Baby Sister (and Music)

A couple quick ones before I catch up on the older posts I have half-composed from the fall.

Last weekend we visited my aunt and uncle and some of my cousins in Cardinal.  It was a long overdue visit -- they'd never even met Daniel yet -- but this year has been absolutely crazy for us and my aunt is incredibly busy for a septuagenarian.  Actually, incredibly busy for tricenarian, too, for that matter.  Also, she can't visit because of Brazen.  That's a story I don't even know, just that Reta cannot stand cats and she's passed that particular foible on to her children.

Coordination is a challenge, to say the least.

Well, we finally managed to make it happen and we even went to dinner across the border in a very nice sports bar called Busters, I think.  I didn't realize it at the time, but now I know.  Next time I'm there I'm not even ordering off the menu, the salad bar is awesome and that'd definitely satisfy.

Now the point of the story:  Baby Sister.

No, this isn't anything like an announcement.

We were at my aunt and uncle's place and Christine was out of the room for a bit, leaving myself, James, Daniel, my aunt and uncle and one of my cousins in the living room.  James was getting pretty hyper so he was running down the hall, turning around running through the room, into the kitchen, then back again.  Since nobody else seemed fussed about it, I let him go.  The only time I step in when he's running in our house is if I know he's got non-grippy socks on or if he's carrying something.
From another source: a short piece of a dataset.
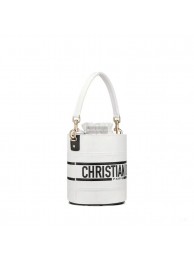 Dior Bubble Maple Leaf Calfskin Bucket Bag C9300 white Tl8350Kn56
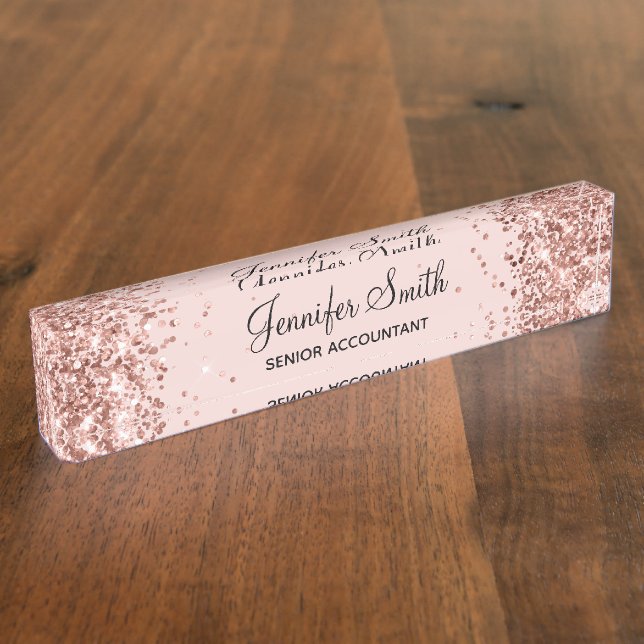 Porte-nom Parties scintillant or rose (Taille)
After he'd done a few laps he announced "Baby sister" on his way through the living room.  All of us adults stopped talking and looked at each other.  "Baby ... sitter?" my aunt asked.  "I heard 'Baby sister'," my cousin said.  I agreed.  On the next pass he said it again and laughed.  On the next pass I asked him, "What're you talking about, buddy?  Whose baby sister?"  Nothing.  "Is that from one of your stories, buddy?"  Nothing.  Another pass, another "Baby sister" announcement and a laugh.  "James, buddy?  What're you thinking about?"  Nothing.  And then we were done, he didn't say it again.

Okay, whatever, kind of forgot about it.

Until we were on the highway home after dinner and he announced from the back-seat -- apropos nothing, as far as I could tell -- "Baby sister."  Christine started and I realized then that I hadn't even told her about the weirdness in at the house.
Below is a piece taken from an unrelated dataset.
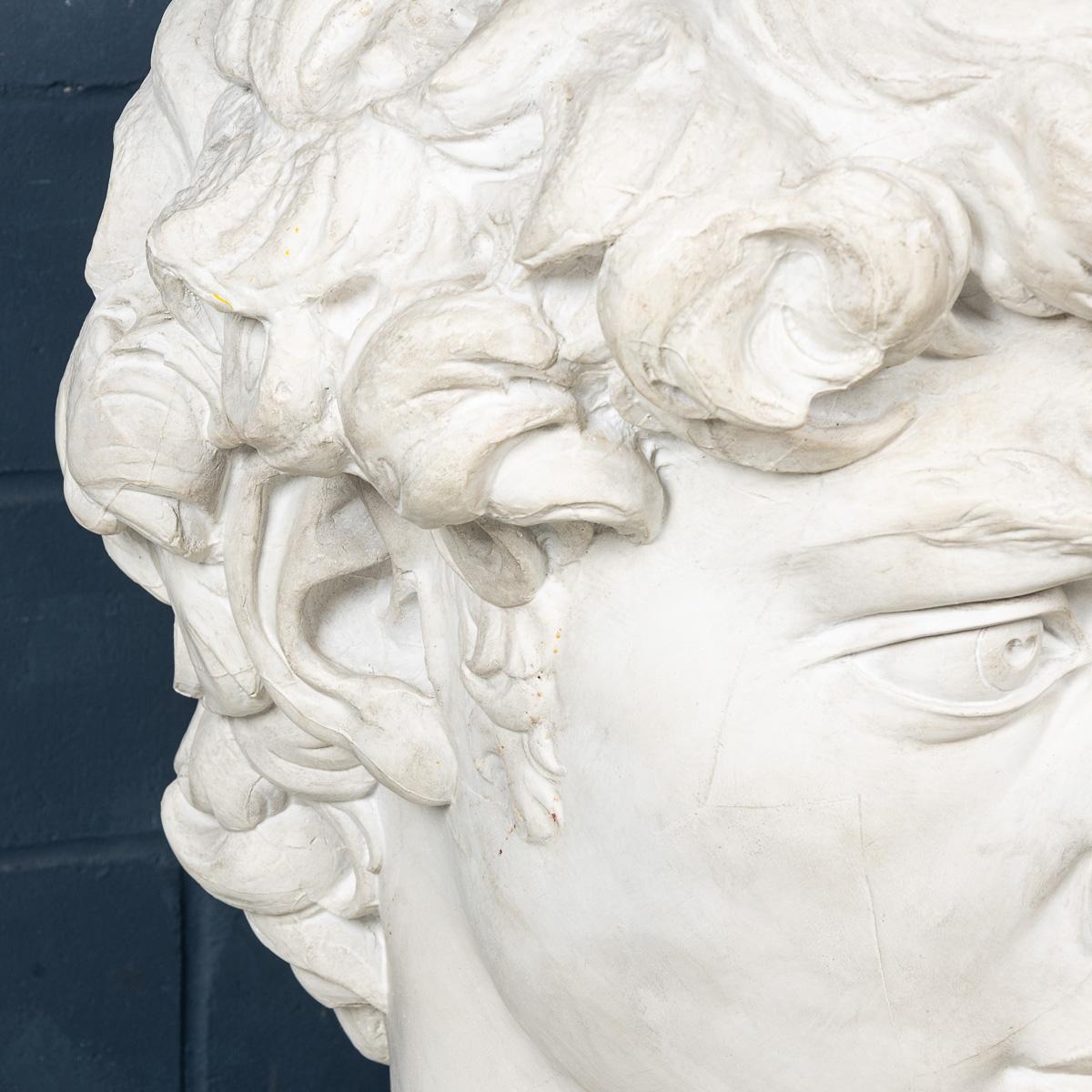 A Massive 20thC Italian Plaster Sculpture Bust Of Michelangelo's David c.1990 For Sale 6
Still got nothing on that.  I'm pretty sure he doesn't know anything we don't know on that front.

Second story.

We read a lot of books here.  James loves them.  He will actually freak out if he doesn't get to read his books right in the store.  My friend Paul said once that ideally he wouldn't freak out at all, but if he's going to, it's probably better to be doing it over books than food or toys or something.  I completely agree.

I've been reading a book to Daniel on-and-off (more off than on now) that Paul also loaned me entitled: Words Fail Us.  It's hilarious if you're of a particular (off-kilter) mindset.  Why would I read my infant son a book about railing against the fading light of English as a language and caring enough to try to use it correctly?  I don't know, there's probably something wrong with me.
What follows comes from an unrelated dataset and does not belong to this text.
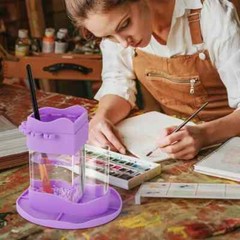 Painting Brush Cleaner Rinse Cup, Washable Silicone all-in-one brush cleaning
That's Daniel, though.  Back to James and his books.  For a period of several weeks -- less so now, but still occasionally -- he would periodically stop me mid-sentence in a book, point to punctuation marks, usually double-quotes, commas or apostrophes, though sometimes to fancier-looking stops like a question mark, and say "Daddy!  It's music!  There's music, Daddy."  He was referring to, of course, the way musical notes are depicted in the pictures in his books, and for a little while I was replying something like, "no, not really, those are quotation marks" but after a while I thought more about it, and now I nod and say, "yeah, it's a kind of music."  Because it is.  And I think it'd make Bob Blackburn smile just a little if he were still with us to think that a two-and-a-half year old was equating punctuation with musical notes.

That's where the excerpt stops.